I originally had this jerk pegged as just another "pot-hunter" with a slightly larger than average mouth and an monumentally larger than life ego, but this is just plain over the line of sanity.

As a one-time archaeology student I can attest the so-called archaeological drawing is anything but. I had to draw dozens of artifacts (pots, knives, axes, spear points etc) for my thesis so I think I know what I am talking about (if nothing else, no of my readers took any issue with my drawings or their accuracy)

So when he shows a picture of a tree stump in which has been cut 3/4 away in one section with no indication of scale, location or any other sort of useful information. it is meaningless tripe.

Then the stump doesn't even come close to the size of an oak native to Nova Scotia would be if it had been 1000 years old. As drawn I'd estimate a red oak (I think someone said red oaks grown on the island) of that appearance would be maybe thirty or forty years old, but let's assume I am underestimating and call it an even century, but certainly no more.

Now let's take his fairy tale a step further: he claimed the "arrowheads" (which Kel may be right are peavey points or something similar... I'll admit I think he has a good suggestion there) were found in a post, If so , he should have depicted them in a post, not a stump.

However, if the tree was even a century old, no one would have made a post out of it. For reasons I posted earlier, posts are made from trees of sapling and sometimes pole size, not saw timber, so even If these were arrow heads, and If they had been inside of a century-old tree (I refuse to entertain the fiction of a 1000-year old red oak (I write SF and fantasy these days, but even I wouldn't try to put that in a story... I might write about a particularly stupid charlatan trying to foist archaeological hoaxes off on the public and the penalties there of...) and IF they has somehow survived being turned into crumbly bits, or maybe just a stain on the wood by the sap. It is still highly improbably anyone would have attempted to turn that tree into a post and if they had, they would have found those points (and possibly broken saw teeth or turning bits on them) while turning it into a post. Have I cover the possibilities? maybe.

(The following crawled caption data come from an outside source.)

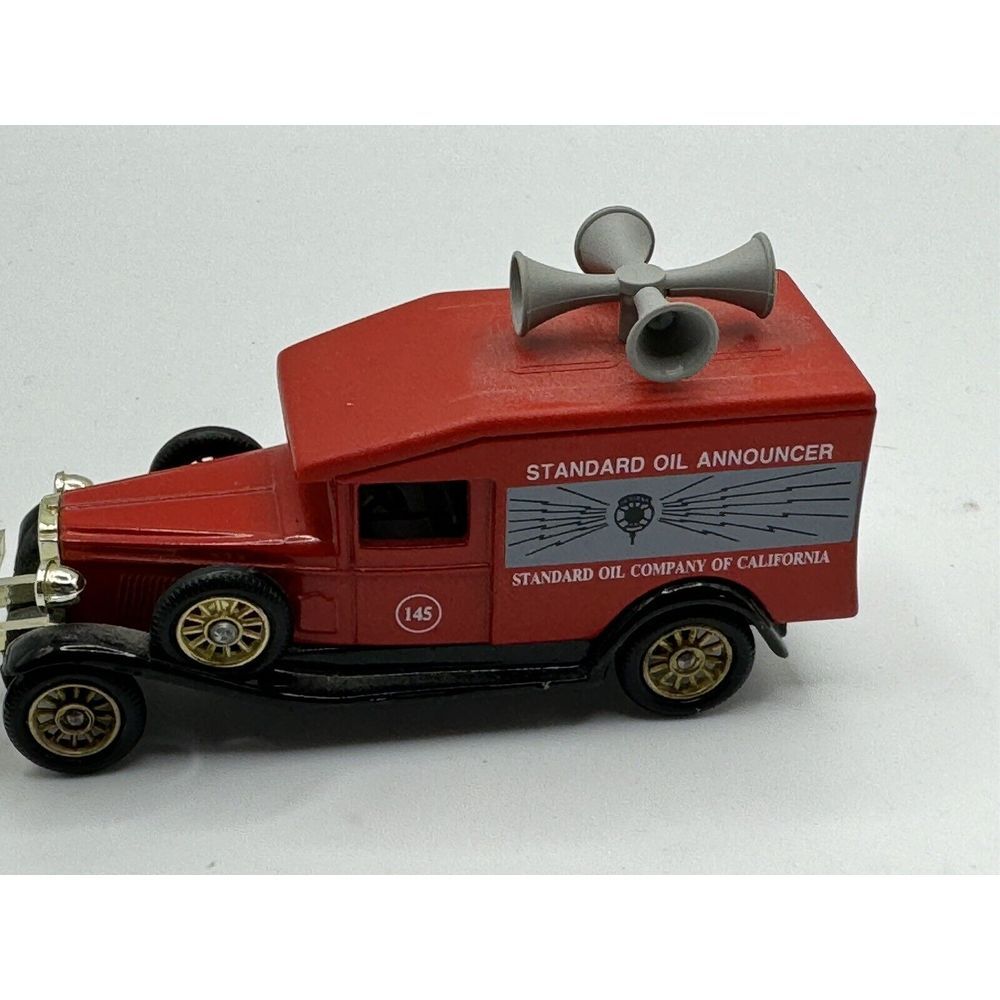 Lledo Diecast Cars Days Gone Series Standard Oil Company Announcer Car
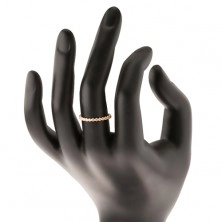 Prsten od zlata 585 - prozirni, okrugli cirkoni duž cijelog ruba, valoviti rubovi 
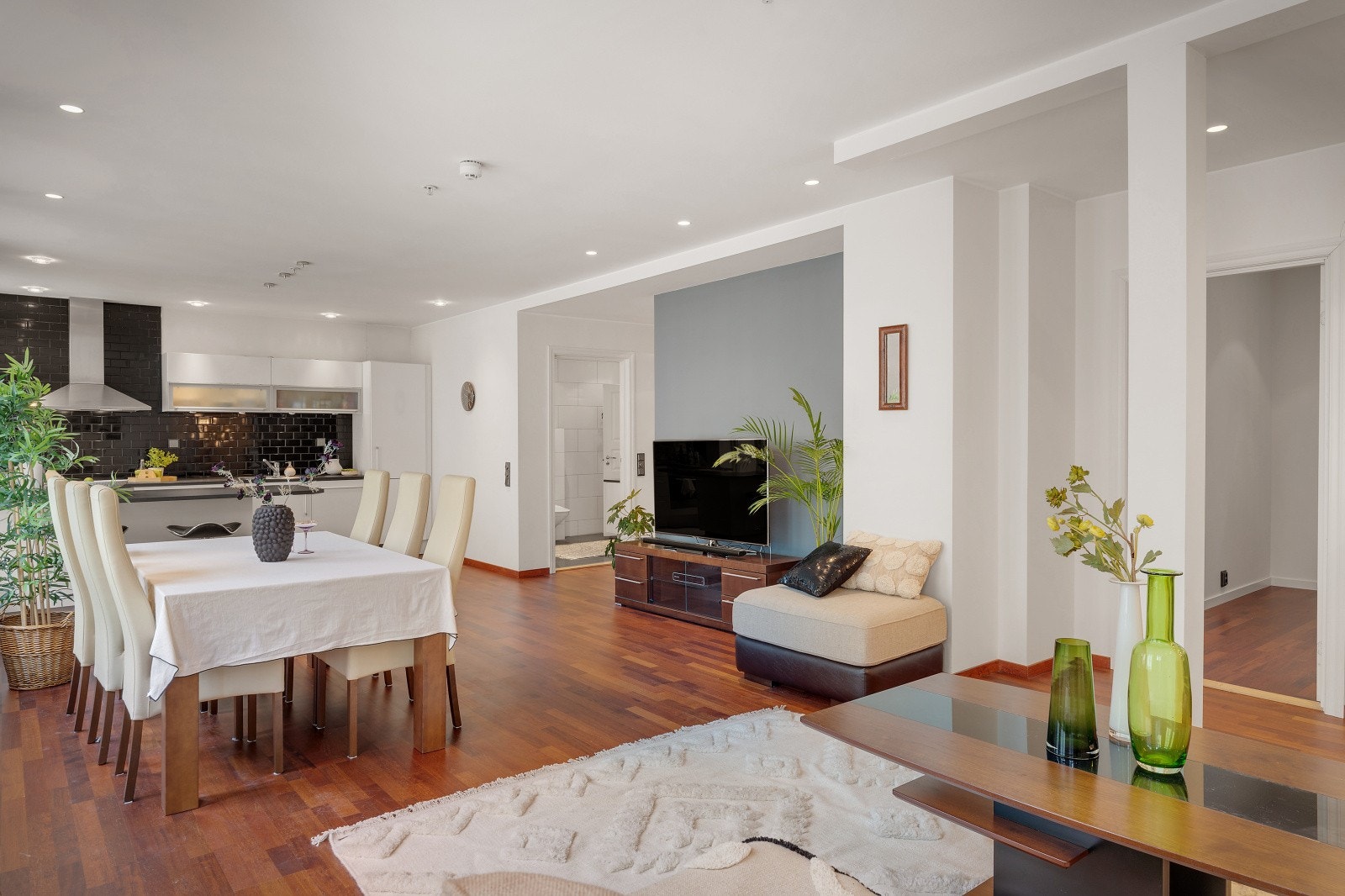 - Romslig stue med god plass til spisebord Galleribilde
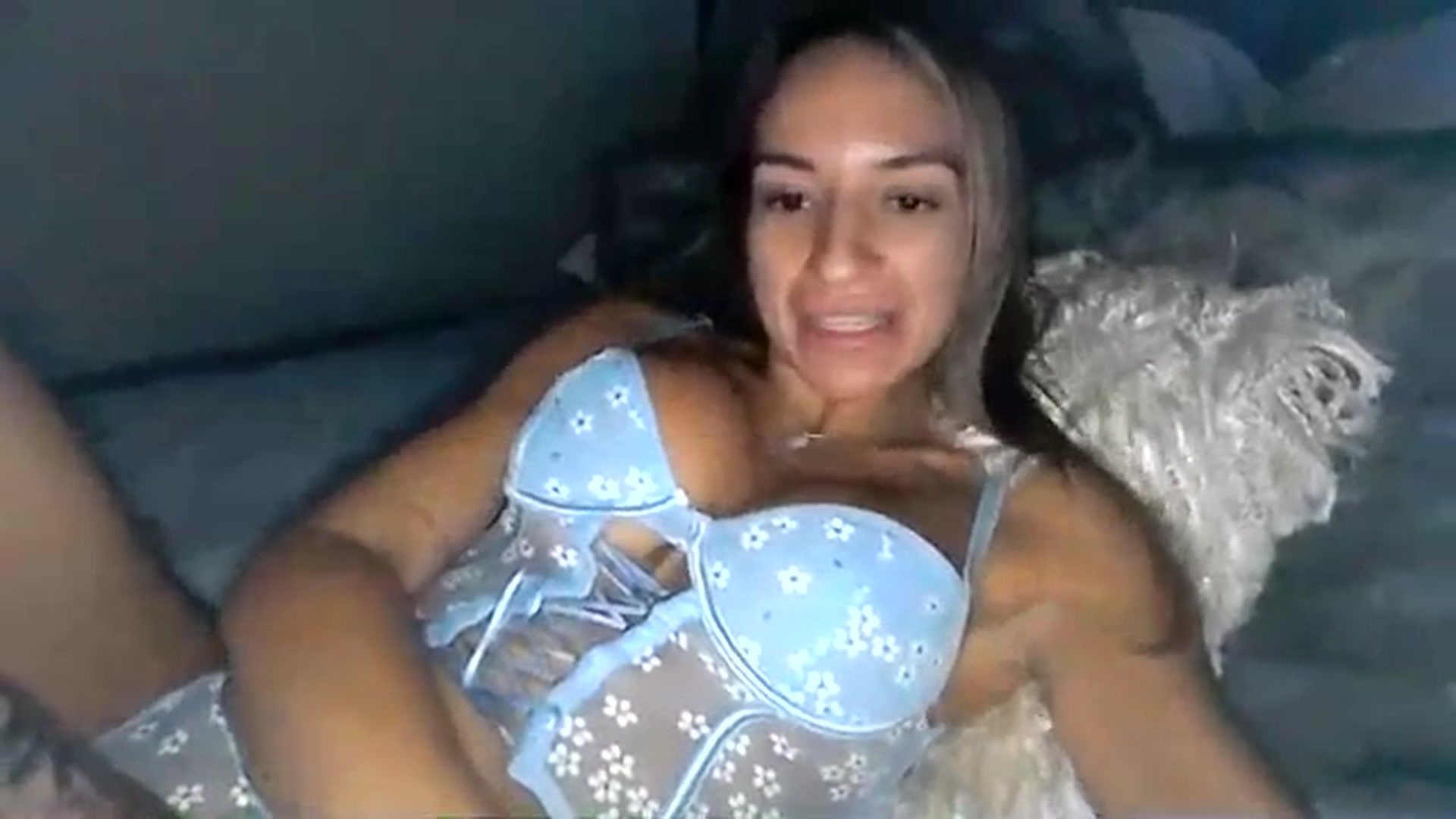 Gallery image thumbnail from CashleyBanks's myfreecams stream on, 09/15/2025, 02:13 image 17 of 20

Why does this... person of dubious wisdom... keep bringing up items that could not possibly have survived the conditions he postulates. Want to fake a Roman site? Find some pot sherds of a distinctive Roman type and scatter them around a stone with a Latin inscription... maybe just a date... but swords in sea water for 1800 years or supposed arrowheads in a 1000 year old tree?

Sorry, no it's just too obvious a lie. in fact anything Pulitzer sdays from now on I will have to assume is blatantly false. Even if he makies a statement I know to be true (like my own name) I'm going to doubt without valid corroboration from someone who is not incapable making a true statement.

I hope this statement is actionable enough because I would love to see him have to prove me wrong in court.